Because it was easier to write, I wrote the Postgres benchmark in Rust, using the 'idiomatic' bindings.
| Benchmark | DB | durable | non durable |
|---|---|---|---|
| Insert 1k rows | Sqlite | 1158ms | 4ms |
| Insert 1k rows | Postgres | 240ms | 10ms |
| Insert 25k rows in TX | Sqlite | 56ms | 3ms |
| Insert 25k rows in TX | Postgres | 158ms | 149ms |
Postgres seems... slower than I expected. I used strace to see if there was anything obvious and found that every query emits an madvise(MADV_FREE) syscall.

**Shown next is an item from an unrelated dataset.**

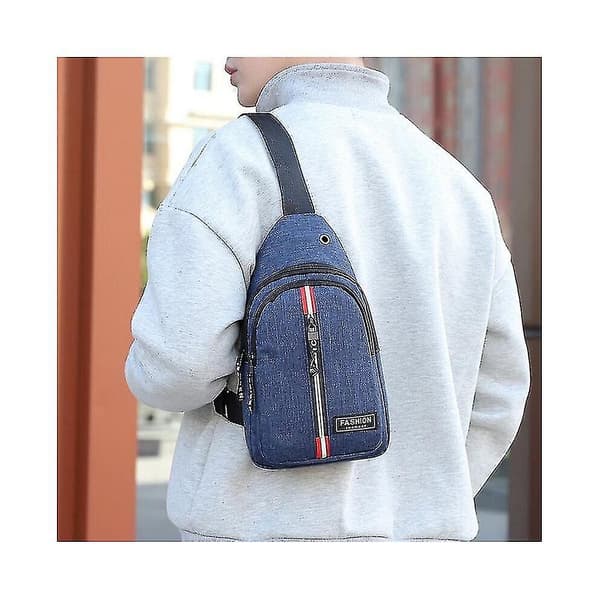 Casual Crossbody-brysttasker til Ipads/gadgets/bøger/vandflaske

To validate these numbers, I re-wrote the Postgres benchmark in C (with musl), and the syscall-per-query disappeared; I assume it's related to the extra allocations that I'm doing to cross the FFI boundary.

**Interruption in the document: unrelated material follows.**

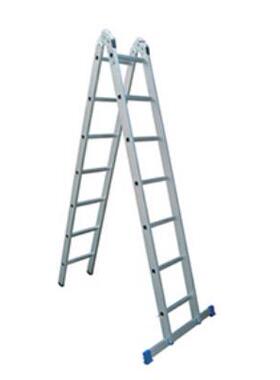 BY002金锚铝合金可折叠两用梯AC51-207 长4090mm高2000mm 7级踏板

| Benchmark | DB | Method | durable | non durable |
|---|---|---|---|---|
| Insert 1k rows | Sqlite | CLI | 1158ms | 4ms |
| Insert 1k rows | Postgres | Rust bindings | 240ms | 10ms |
| Insert 1k rows | Postgres | C bindings | 235ms | 9ms |
| Insert 25k rows in TX | Sqlite | CLI | 56ms | 3ms |
| Insert 25k rows in TX | Postgres | Rust bindings | 158ms | 149ms |
| Insert 25k rows in TX | Postgres | C bindings | 130ms | 130ms |
Compared to the numbers I got on pglite's web benchmark, the non-durable versions of these benchmarks are about 3x faster. Keep in mind that this compares completely different environments (browser WASM vs native program).
Wrapping up
While writing this post, I wanted to check whether there was a hidden fork inside my library, making all of this moot; so I ran the test binary under strace.
- Good news: no
fork() - Bad news: I found 1000
dup(2)calls, followed by 1000close(fd)calls.
Turns out that count_usable_fds checks how many FDs it's able to open by.. opening as many as it can. Sure, it's defensive programming. It's also dumb that this is necessary.
Summary
It's possible to build postgres statically, and with the use of some careful wrappers, use postgres as a library. Bindings for different languages are easy to build, but managing lifetimes in an idiomatic way is more complex.
There are downsides to the current proof of concept, but it's possible to fix them with more work:
initdbdoes not work—use theinitdbbinary or ship a bundled tarball with an empty cluster- Unloading the db poisons the global state—need to implement re-initialization
- There's dead code in the final artifact—due to importing
.cfiles
Some features are not implemented:
- Loading of dynamic extensions
- Prepared statements
There is a fundamental limitation with this approach: the library is single-threaded only, so you can't execute concurrent queries.